Google Pays $189,000 Fine to German DPA For Unlawfully Collecting, Storing Wi-Fi Data

Bloomberg Law: Privacy & Data Security brings you single-source access to the expertise of Bloomberg Law’s privacy and data security editorial team, contributing practitioners,...

By Jabeen Bhatti  

BERLIN--Google Inc. has paid a €145,000 ($189,000) fine imposed by the Hamburg Commissioner for Data Protection and Freedom of Information after the internet giant allegedly unlawfully collected and stored internet users' unencrypted Wi-Fi data during the company's Street View mapping project.

“In my estimation, this is one of the most serious cases of violation of data protection regulations that has come to light so far,” Hamburg Data Protection Commissioner Johannes Caspar told BNA April 22.

Between 2008 and 2010, Google collected and stored “large quantities” of personal data, including emails, passwords, photographs, and chat logs, from internet connection holders in Hamburg as it gathered data to be used in Street View, according to Caspar.

A spokesman for the Hamburg data protection authority, Arne Gerhards, told BNA April 22 that Google paid the fine April 18.

“We work hard to get privacy right at Google but in this case we didn't, which is why we quickly tightened up our systems to address the issue,” Google's global privacy counsel Peter Fleischer told BNA April 22, adding that Google had given the Hamburg DPA its full cooperation.

Fleischer said nothing had been done with the data and that the data had been deleted as per the instructions of the DPA, which the authority confirmed.

German Fine Follows Other Fines, Agreements

Google in May 2010 admitted that it had inadvertently collected certain Wi-Fi location and content data with special equipment mounted on its Street View mapping project photographic image collection vehicles (9 PVLR 770, 5/24/10).

The collection of the Wi-Fi data was not limited to the United States but involved Street View mapping operations around the globe. Some data protection authorities fined Google, most recently Norway (11 PVLR 1309, 8/20/12) and most notably France, which handed out its largest enforcement fine of nearly $130,723 (10 PVLR 479, 3/28/11).

At the U.S. federal level, the Federal Trade Commission declined to take action against Google over its collection of Wi-Fi data, citing the remedial measures the company had taken (9 PVLR 1499, 11/1/10). The Federal Communications Commission found no violations of laws or regulations by Google but fined the company $25,000 for “deliberately impeding” its probe (11 PVLR 695, 4/23/12).

In March, Google agreed to pay $7 million to settle privacy claims brought by the attorneys general of 38 U.S. states over its collection of wireless data during the Street View mapping project (12 PVLR 453, 3/18/13).
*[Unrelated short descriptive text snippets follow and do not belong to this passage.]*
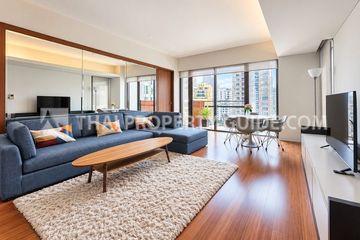 2 Bedroom Condo for rent in Hansar Rajdamri, Lumpini, Bangkok near BTS Chit Lom
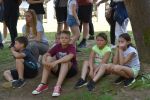 Srčnost Krkinih prostovoljcev navdušila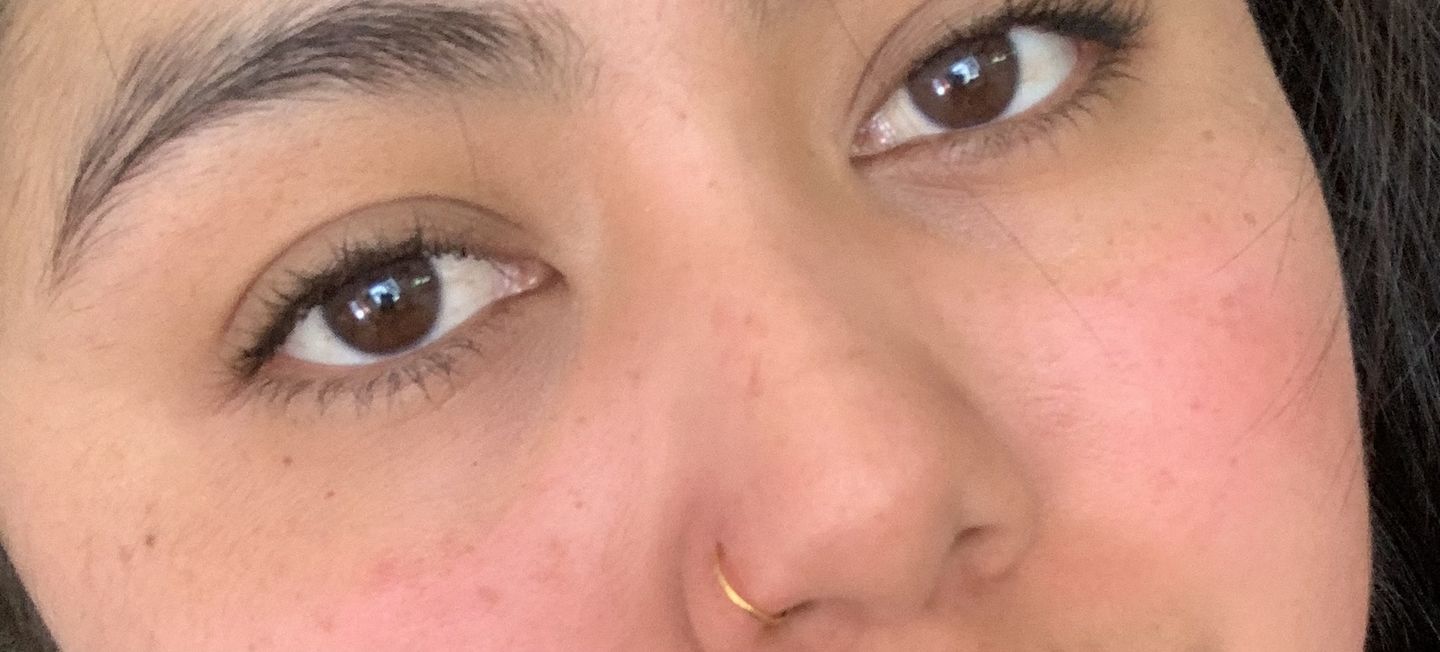 Customer photo review of Piercing Circular Clicker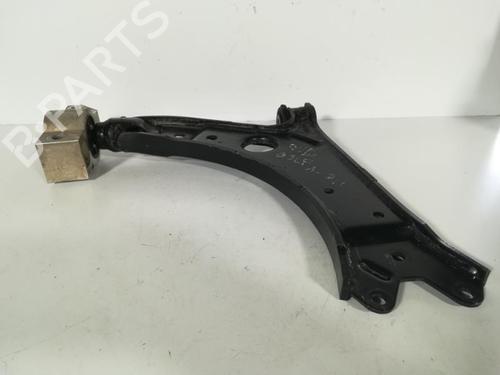 Used Right front suspension arm VW GOLF PLUS V (5M1, 521) 1.9 TDI (105 hp) 21851034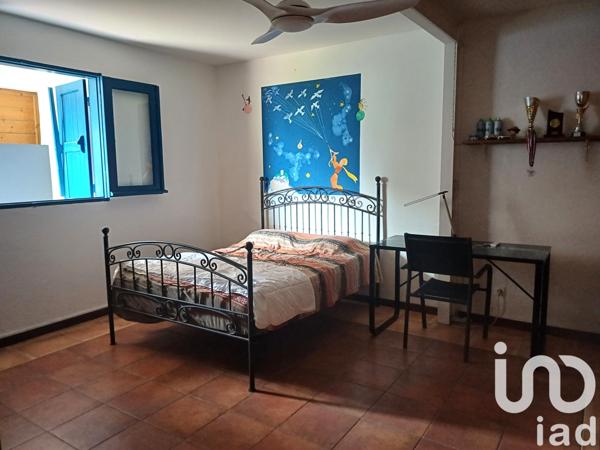 Maison à vendre 4 pièces 104 m² Les Avirons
Controls 'Failed Seriously.'

“[T]he fact that this nevertheless happened over such a long period of time and to the wide extent established by us allows only one conclusion: That the company internal control mechanisms failed seriously,” Caspar said.

The data protection commissioner expressed dissatisfaction at what he called “discount rate penalties”--fines between €150,000 ($195,750) and €300,000 ($391,500)--which he said are not sufficient enough deterrents to ensure companies adhere to data protection regulations.

But he said new regulations were being discussed to increase the amount companies would have to pay in future penalties.

“The regulation currently being discussed in the context of the future European General Data Protection Regulation, whereby a maximum fine of 2 percent of a company's annual turnover is provided for, would, on the other hand, enable violations of data protection laws to be punished in a manner that would be felt economically,” Caspar added.

In January 2012, the European Commission unveiled a proposed data protection regulation to replace the EU's 17-year-old framework Data Protection Directive (95/46/EC) (11 PVLR 178, 1/30/12).

Ramifications in Other German States?

Asked whether the Hamburg DPA expected the outcome of this case to have ramifications in other German federal states, Caspar said it would first have to be determined whether Google's abuse of WiFi scanners in different federal states constituted one act or several independent acts. If Google's actions are seen as a single act, then Google cannot be penalized twice under German law.

In the end, it is not a matter for Hamburg authorities to decide, Caspar said. “Each data protection commissioner has to decide that for himself,” he said.

It is not the first time Google and Hamburg's DPA have come to a head over privacy concerns in the past few years. After more than a year of discussion, the German data protection authorities and the internet giant finally came to an agreement over the Google Analytics computer program in 2011 (10 PVLR 1373, 9/26/11).